Samuel Burr was born in Hartford in 1643. He became a freeman at Hartford in 1658. In 1666 he married Mary Basie, daughter of John Basie, an original proprietor of Hartford and his wife, Elizabeth Freeman, both of Wethersfield, Essex, England. Samuel Burr died in 1682 leaving a significant estate to his heirs. His son, John Burr, received 100 pounds.

John Burr was born in 1670. He married Sarah Nichols at Hartford in 1696. In about 1712 they settled in Farmington, Connecticut. They raised 16 children. John Burr died in 1741 while Sarah Nichols outlived him by 26 years, dying in Bloomfield, Connecticut at the age of 93.

John Burr ’s son, Ebenezer Burr, was born in Farmington in 1712. He was a farmer and a member of the Presbyterian Church. He married Hepsibah Brown, a descendant of Peter Brown of Duxbury, Massachusetts believed by some to be the son of Peter Brown of the Mayflower, although this connection has not been substantiated.

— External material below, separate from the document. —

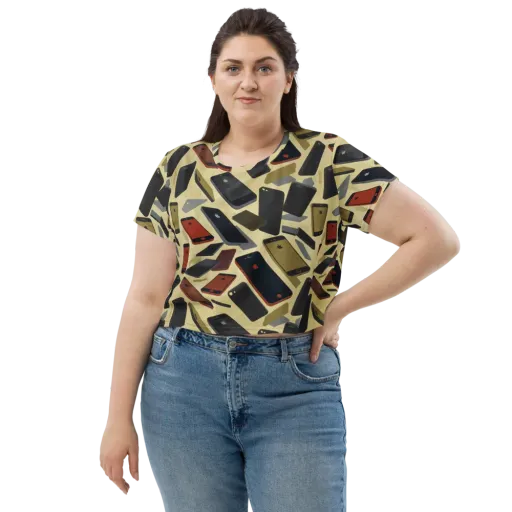 Analog Circuit on a Crop Tee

Ebenezer Burr became an early settler of Norfolk, Connecticut, incorporated in 1758. At that time there were 27 families residing there. The inhabitants who were legal voters assembled December 12, 1758 and organized their first town meeting. Forty-seven citizens of the town attended. Of these there were several whose families are associated with the Grant Farm Letters. These include: Cornelius Brown, Josiah Barber, Samuel Cowles and Ebenezer Burr. Ebenezer Burr served as Treasurer for the town of Norfolk. He was a grand juryman. He served on a commission to procure preaching for the town. He was also on a commission to lease a lot for the school. In the town records he was listed as a teacher. In 1793, a year before his death, he advertised himself as a post rider from Litchfield through Goshen, Norfolk and Canaan to Salisbury.” He also served as the county surveyor. Ebenezer Burr died in 1794. His wife, Hepsibah Brown, predeceased him in 1772.

Ebenezer Burr and Hepsibah Brown’s son Daniel Burr was born in 1747 in Norfolk. He was a farmer and a member of the Congregational Church. He married his first cousin, Betty Brown, in 1773. He died in 1808 and she died in 1832.

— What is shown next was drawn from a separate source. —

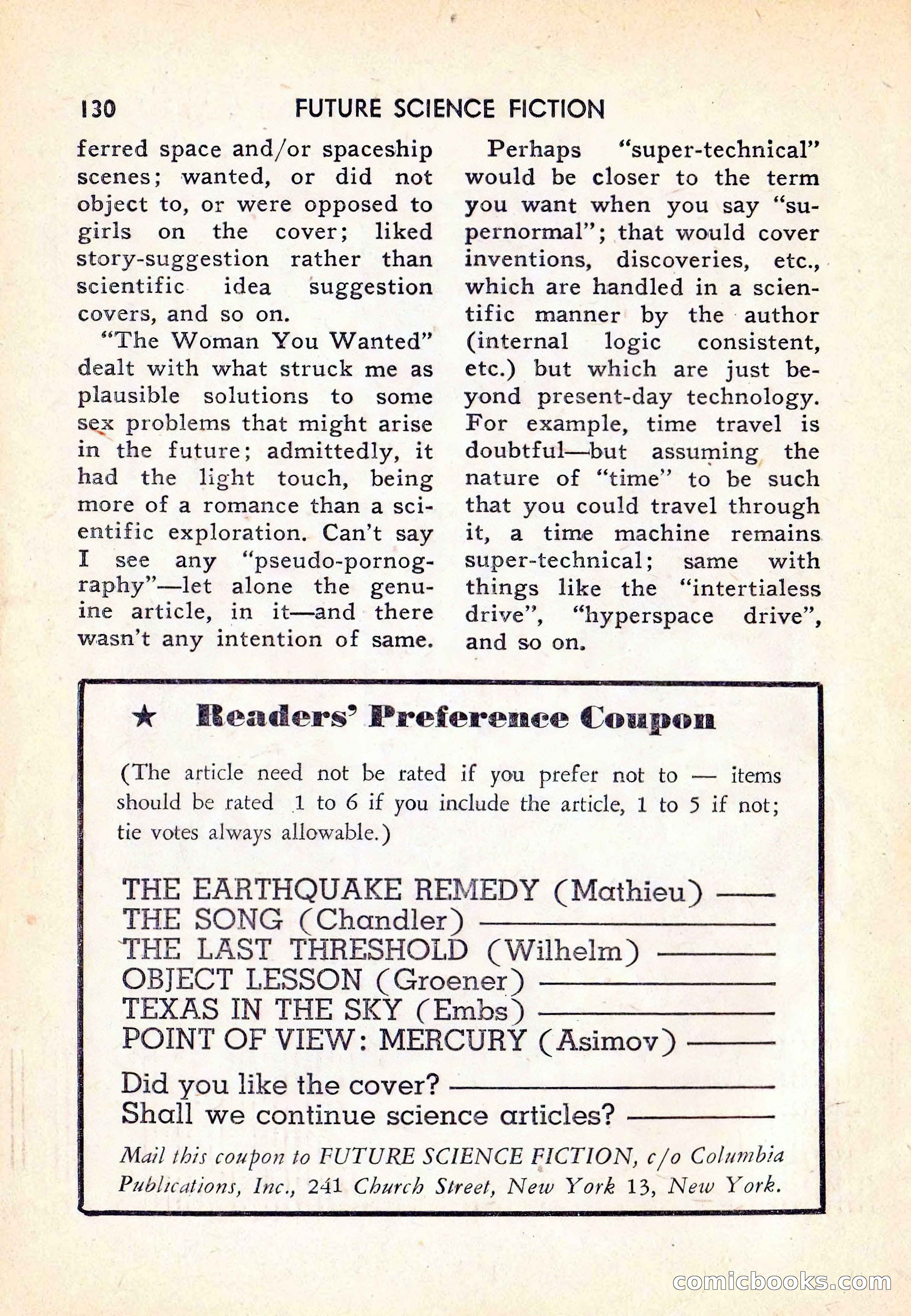 Future Science Fiction #38 — page 131 of 132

Daniel Burr and Betty Brown’s son Ebenezer Burr, whose documents are found among the Grant Burr Papers at the American Antiquarian Society, was the sixth generation of the family in America. Ebenezer Burr was born in 1791 in Norfolk. In 1817 he married Pamela Benton of New Marlborough, Massachusetts. He died in 1855.

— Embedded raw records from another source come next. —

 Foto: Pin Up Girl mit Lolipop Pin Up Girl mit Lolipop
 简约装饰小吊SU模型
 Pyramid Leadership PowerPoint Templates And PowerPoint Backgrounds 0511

Pamela Benton was a direct descendant of Edward Benton, one of the original proprietors of Guilford, Connecticut. Her mother’s family was the Rodgers, descended from William Rodgers, an original settler in Huntington, Long Island and Branford, Connecticut. Both Ebenezer Burr and Pamela Benton died in 1855. Their children, Caroline Burr and Mary Burr, figure prominently in the letters.

The children of Ebenezer Burr (1791-1855) and Pamelia Benton (1794-1855) were:

Mary Burr (1818-1884) attended Mt. Holyoke and had additional education in Philadelphia. She married (1849) William Hill (1822-1895) a farmer, potter and prominent citizen of Farmington, New Jersey. Their children were:

Samuel Burr Hill (1851-1921) married (1902) Elizabeth M. Jarrett ( - ).

Laura Kannard Hill (1853-1856) Died of Scarlet Fever.

Mary Pamela Benton Hill (1855- ) She married (1891) Albert Allen Wright.

Alletta Van Nest Hill (1856- ) She married (1882) Abraham Chamers Hulsizer (1855-1941).

Caroline Roby Hill (1862- ).

Caroline Benton Burr (1820-1892) She married (1843) Daniel Grant (1818-1892) See The Grants.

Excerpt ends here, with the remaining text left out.